Elon Musk, founder of Tesla, xAI, and SpaceX
Current spending tells a different story. xAI has spent $697 million on Tesla Megapacks over the last two years to smooth peak load on its data-center grid. SpaceX’s filing separately discloses $131 million spent on 1,279 Tesla Cybertrucks over the same period. On solar panels, the technology Tesla still markets as central to its mission, xAI has not bought meaningfully from Tesla.
Peer Trend and Orbital Economics
xAI is not alone in choosing combustion. Microsoft, Chevron, and Engine No. 1 announced a West Texas plant in early April; Google’s 933 megawatt gas project with Crusoe in North Texas dates to the same month; Meta added seven gas plants at its Hyperion site in Louisiana. AI training requires electricity delivered 24/7, and battery-backed solar still costs more upfront than a gas turbine to clear that operational floor.

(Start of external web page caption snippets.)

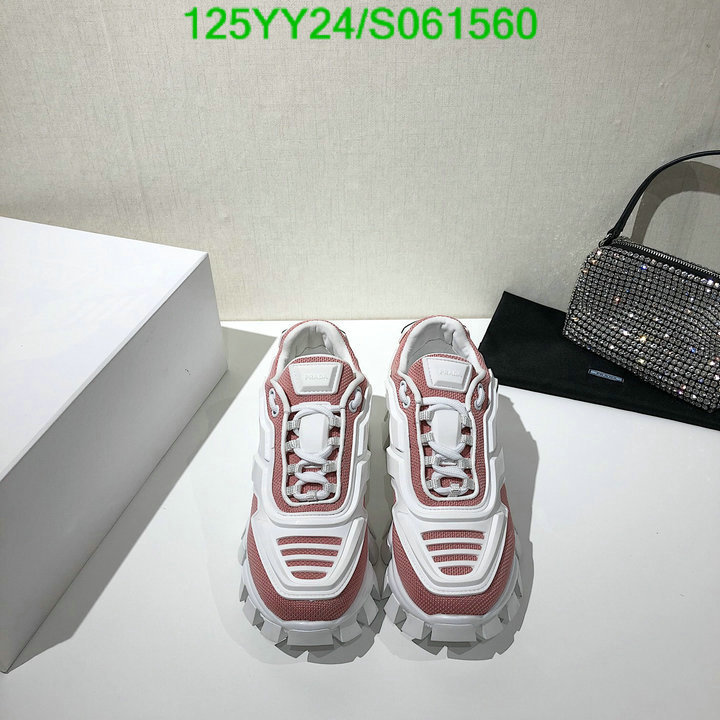 YUPOO-Prada men's and women's shoes Code: S061560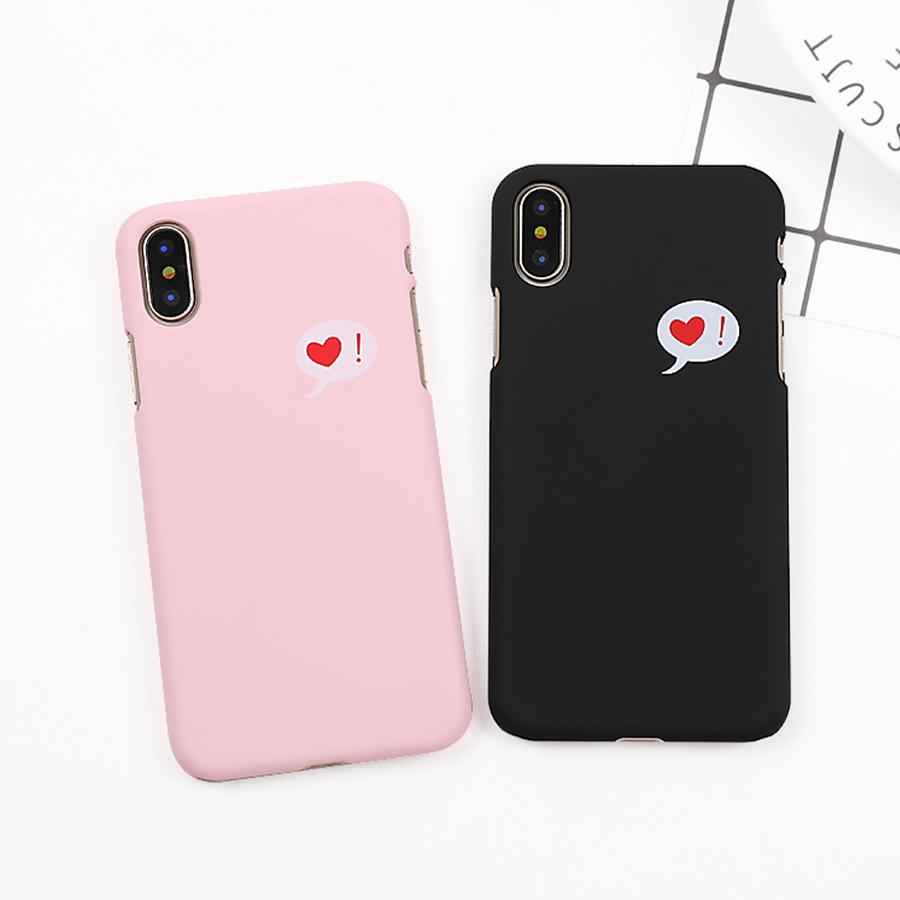 Cute Heart Secure iPhone Case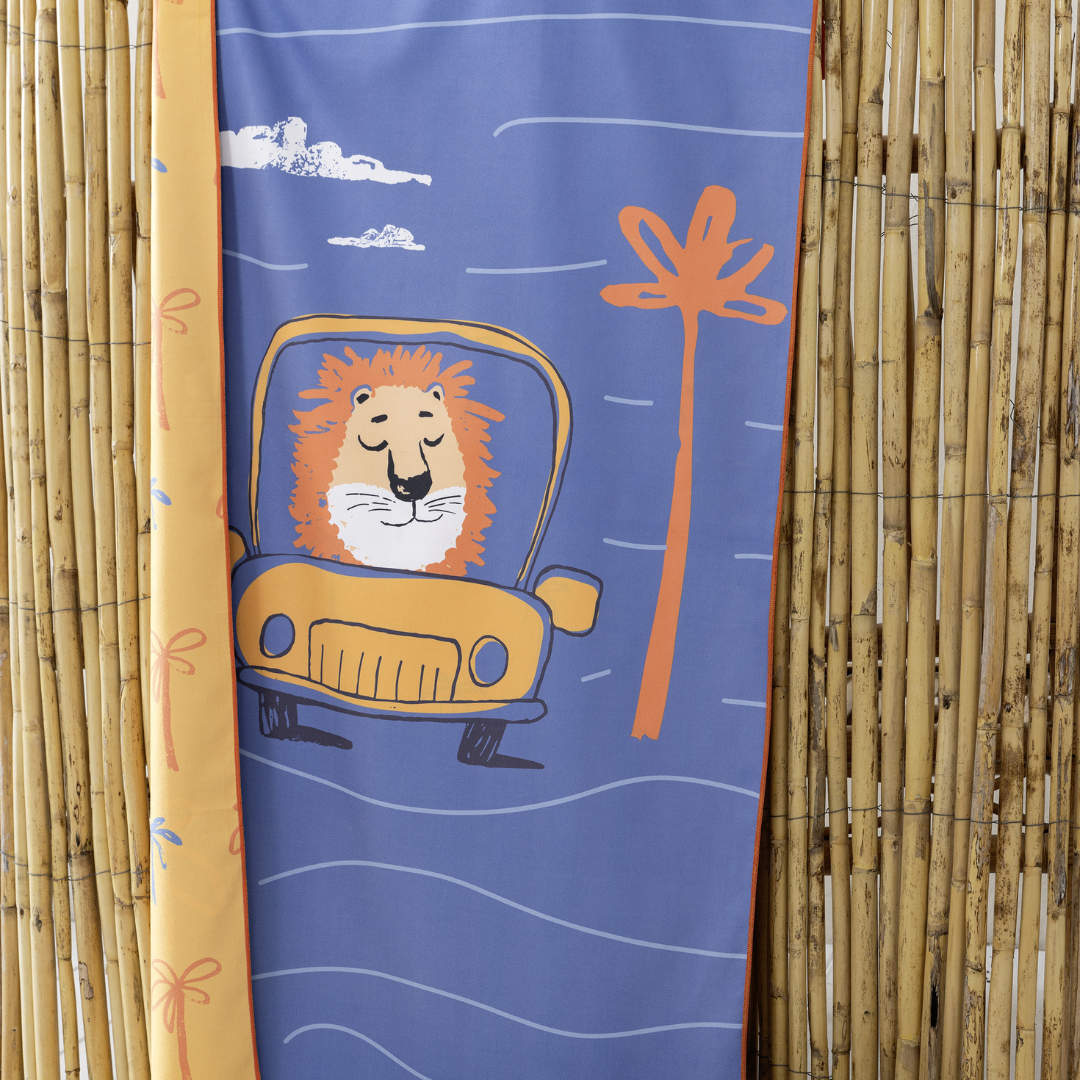Παιδική Πετσέτα Θαλάσσης Lion Trip Nima - Νima - MyHouseandKids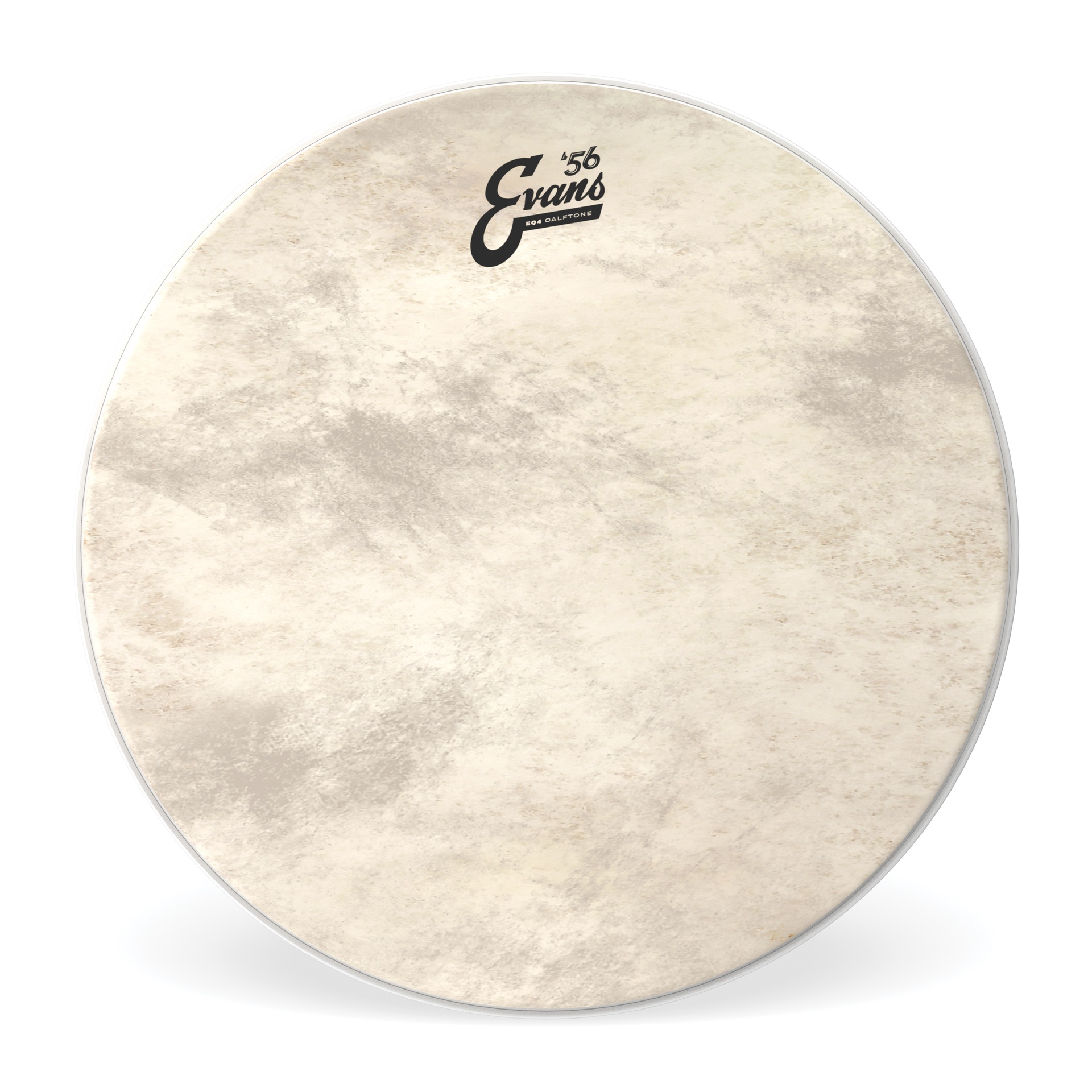 EVANS EQ4 Calftone Bass Drum Head, 16 "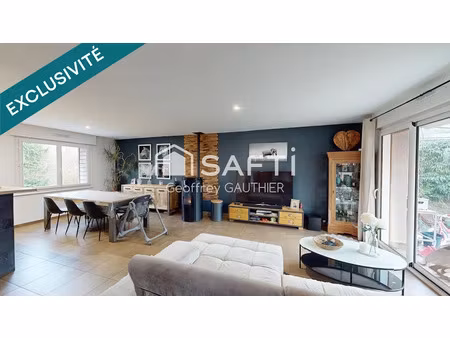 vente maison 5 pièces 101 m² à la capelle-lès-boulogne (62360)  384 000 €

SpaceX argues that terrestrial power is the binding ceiling, saying space-based solar arrays can generate more than five-times the energy of comparable panels on Earth thanks to uninterrupted sunlight. The company is exploring solutions that would require launching data center components on Starship rockets to access solar power in orbit.
Economics are less reassuring. Power for Starlink satellites costs multiples more per unit than power at a terrestrial data center, leaving a wide gap between physically possible and financially defensible. Andrew McCalip, an engineer assessing orbital-data-center economics, framed the question bluntly: “it’s only a question of whether this is a rational thing to scale up economically”.
A pending 2026 NAACP-led Clean Air Act suit over xAI’s 27 unpermitted Southaven turbines is the near-term gate, and a federal ruling against the company would strip Colossus 2 of its trailer-mounted generators. Without those units, xAI would have to source the site’s power within weeks of any injunction, well before the first orbital array could reach the launch pad.